Exercise description. The listing is to be returned word for word, without its images.

Collected data.
□ □ □ □ □ □ □
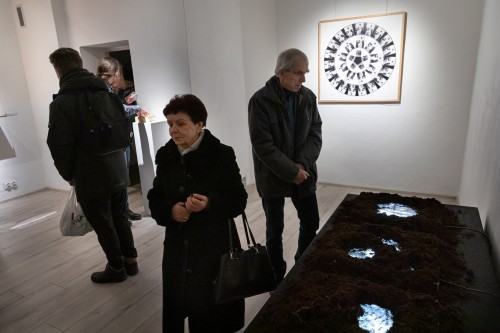 Hibernacja dzieciństwa, Ewa Martyniszyn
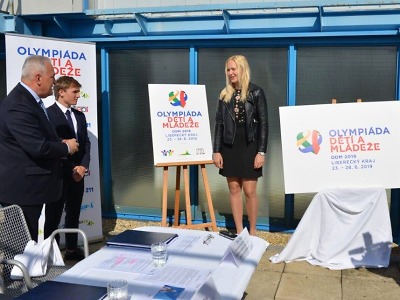 Autor foto:Archiv KÚ Libereckého kraje. Vizualizace kultivace okolí sídla krajského úřadu Letní olympiáda dětí a mládeže v Libereckém kraji odhalila své logo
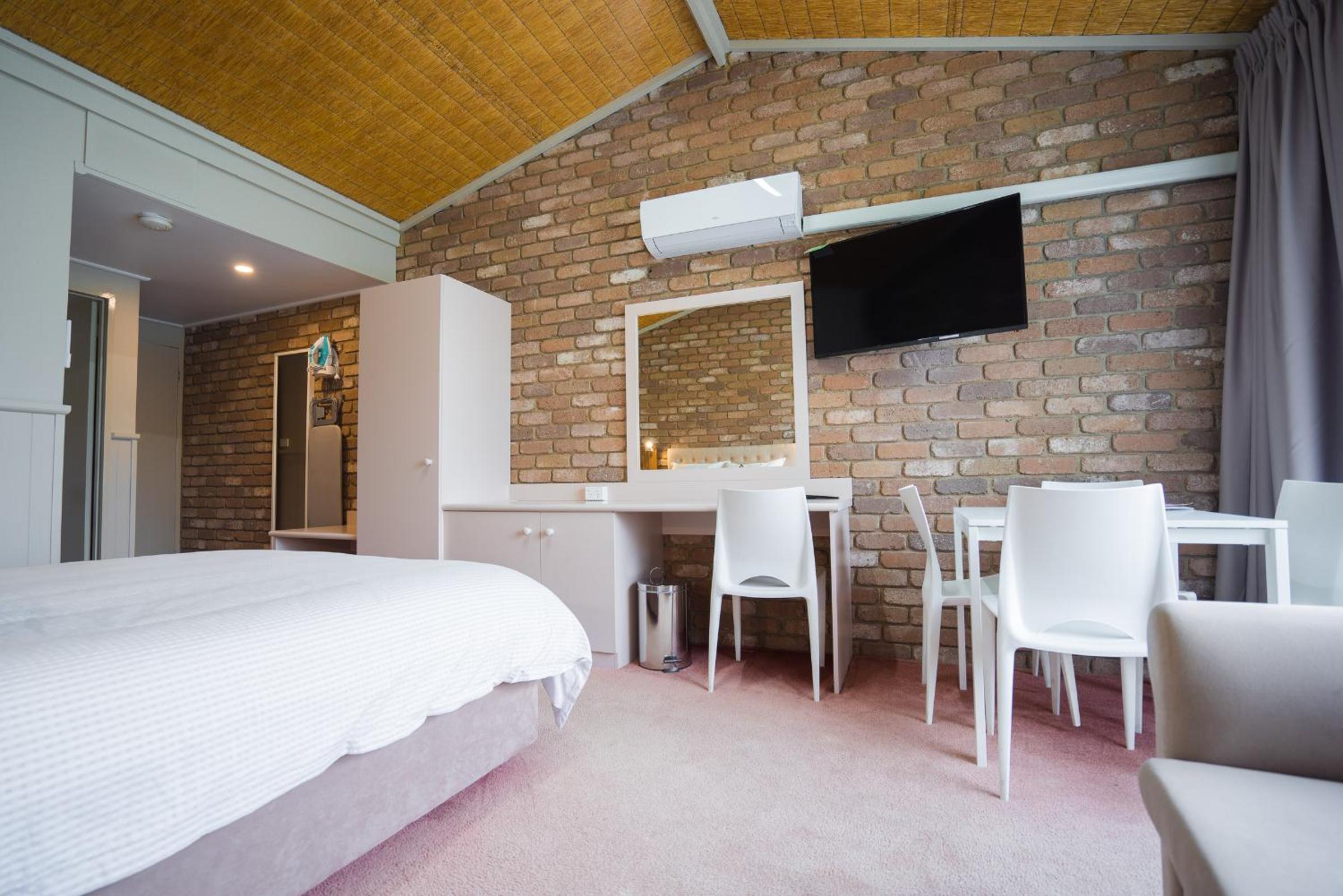 Farnham Court Motel and Restaurant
□ □ □ □ □ □ □
Result for this exercise.
 Hibernacja dzieciństwa, Ewa Martyniszyn
 Autor foto:Archiv KÚ Libereckého kraje. Vizualizace kultivace okolí sídla krajského úřadu Letní olympiáda dětí a mládeže v Libereckém kraji odhalila své logo
 Farnham Court Motel and Restaurant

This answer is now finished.